Böylesine tehlikeli bir durumda, komutan seviyesindeki canavarların beni zindanda bulup takip edebileceği bir yerde neden 6. Bölgeyi keşfedeyim ki?
'Çünkü kaçmanın bir yolunu buldum!'
Hiç tereddüt etmeden parşömeni yırttım ve (Acil Çıkış Bombası!) özelliğini aktif hale getirdim.
Flaş-!
“Ne oluyor?!”
Lunared aniden gelen parlaklıktan dolayı sendeleyerek geriye doğru gitti ve ben de Kuilan'ın ayağa kalkmasına yardım ederek grubumdakilere seslendim.
“Işınlanma kapısına koş! Geri çekiliyoruz!”
“Evet!”
Partililer hemen şehir içi kontrol noktasının içindeki güvenli noktaya doğru koştu.
Titreyen Kuilan'ı sürükleyerek, Lucas ve Evangeline'in yardımıyla onu takip ettim.
Sersemlik geçtikten sonra Lunared kükredi.
“Ash! Şimdi kaçıyor musun?! Önünde bir düşman varken mi kaçıyorsun? Hiç savaşçı gururun yok mu sende?!”
Neşeyle başımı salladım.
“Kesinlikle!”
“Ne…?”
Gururdan bahsediyoruz? Gurur sizi besliyor mu?

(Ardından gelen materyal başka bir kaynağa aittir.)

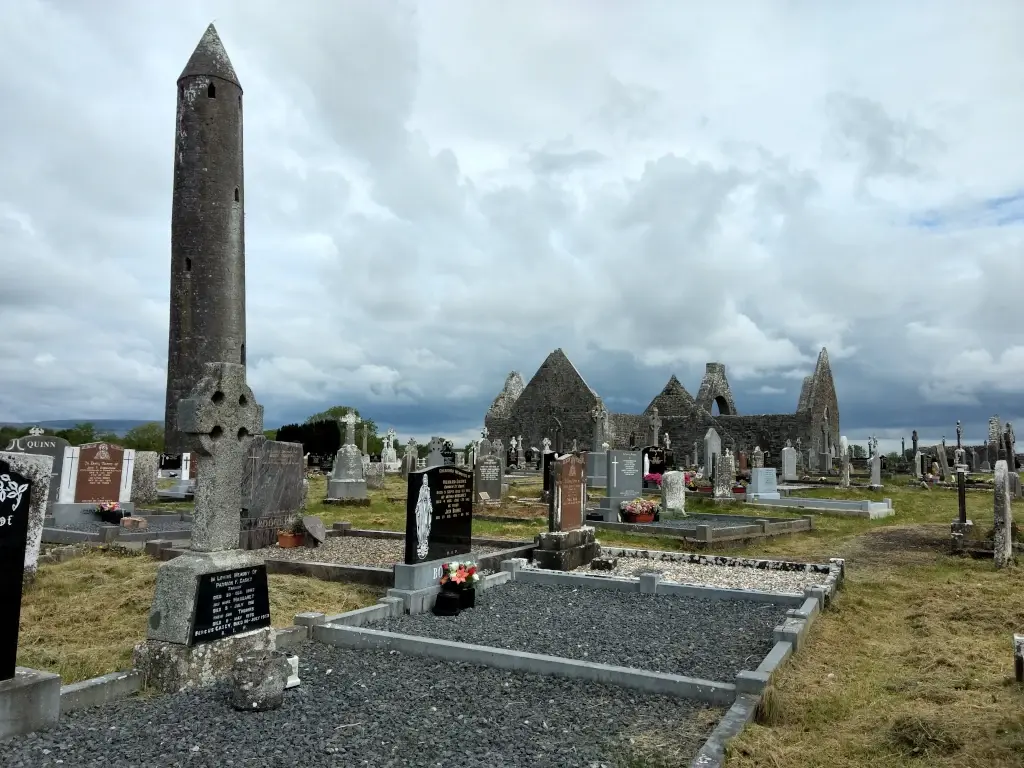 Kilmacduagh Abbey & Cemetary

Hayat benim için bu tür saçmalıklardan daha önemli. Kaybedilen bir mücadeleyi kabul etmenin bir nedeni yok.
“Sözlerimi aklınızda tutun! Şu anda stratejik sebeplerden dolayı geri çekiliyor olabiliriz, ama bu kini ödeyeceğim!”
Üçüncü sınıf bir kötü adamın ağzından çıkanları tükürdü ve ışınlanma kapısına ulaşarak parti üyelerini birer birer içeri itti.

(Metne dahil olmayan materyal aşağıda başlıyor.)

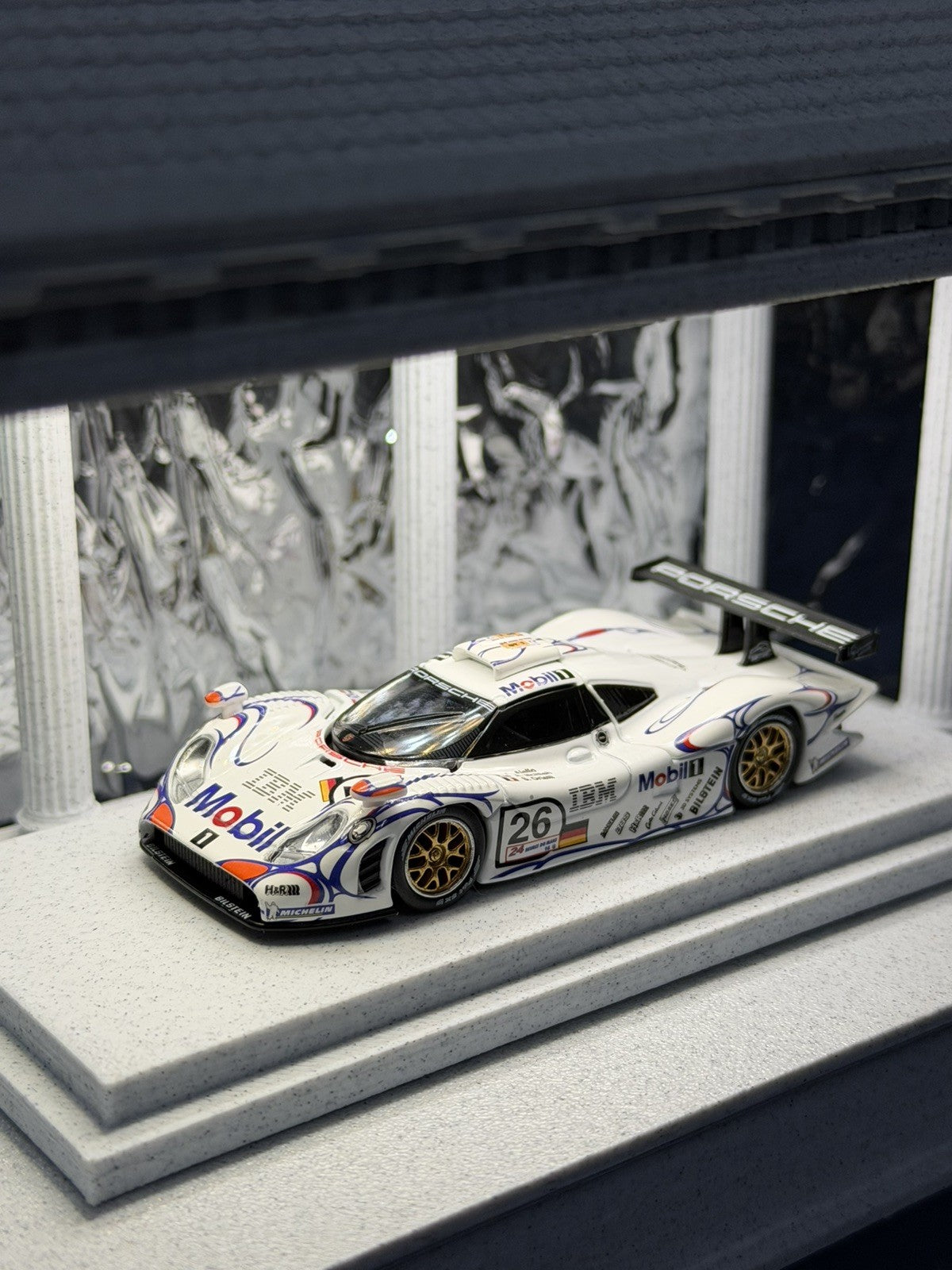 TH 1:64 White 1998 911 Gt1 LM #26 Racing Sports Model Diecast Metal Car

Güvenlik noktasının hemen dışına bir anda koşarak çıkan Lunared dişlerini gıcırdattı.
Alaycı bir gülümsemeyle kurt adama baktım.
“Astlarınızı gizlice gönderip, kendi topraklarınıza pusu kurmak, böyle taktikleri bırakın! Eğer gerçekten dövüşü seviyorsanız, dürüst bir maç yapalım.”
'…'
“Kaleme gel. Asırlık cildin sarkmış ya da çürümüş olsun, çapraz ateşimle onu parçalayacağım.”
Lunared kıkırdadı.
'Savaşta, adaletsiz veya korkakça taktikler yoktur. Bu dünya, en güçlünün hayatta kalması ilkesine bağlıdır. Ayakta kalan en güçlüdür.'
Ben de bu görüşe katılıyorum.
Ben de bütün kurnazlığımı kullanarak seninle uğraşacağım.

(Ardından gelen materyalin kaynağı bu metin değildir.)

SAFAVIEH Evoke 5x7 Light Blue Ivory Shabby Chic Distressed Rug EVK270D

Bana avantaj sağlayan, benim lehime olan bir savaş meydanında.
Bu cehennemde hayatta kalmak için.
“Birbirimizi öldürmek için elimizden geleni yapalım, kurt adam.”
Ona orta parmak gösterdim ve kendimi ışınlanma kapısına attım.
Son ana kadar Lunared'e dik dik bakan Kuilan ve Kuilan'ı destekleyen Lucas da benimle birlikte kapıya doğru geldiler.
Kurt adamın kırmızı gözleri üzerimize dikilmeye devam ediyordu.
Avını işaretler gibi ısrarcı ve açgözlü bir bakıştı bu.
Flaş!
***
(Ücretsiz Keşif Tamamlandı!)
(Karakter Seviyesi Yükseltme)
>Ana Parti:
– Ash(EX) Lv.47 (↑1)
>Alt Parti 1:
– Kuilan(SR) Seviye 47 (↑1)
– SalıR Lv.41 (↑1)
– ÇarşambaR Lv.40 (↑1)
– BeckyR Seviye 39 (↑2)
– OnTheRockR Seviye 37 (↑2)
(Yaralı ve Ölen Karakterler)
– Kuilan(SR): Küçük yaralanmalar
(Ekipman Alındı)
– Büyük Komutan Bayrağı Parçası: 1 adet
(Edinilen Öğeler)
– Koyu Kristal: 3 adet
– Demon Legion Büyü Taşı: 63 parça
– Demon's Rune Magic CoreR: 1 parça
– Üstün Dayanıklılık İksiri: 1 adet
– Üstün Büyü Gücü İksiri: 1 adet
–TL Notları–
Umarım bu bölümü beğenmişsinizdir. Beni desteklemek veya bana geri bildirim vermek isterseniz, bunu patreon.com/MattReading adresinden yapabilirsiniz.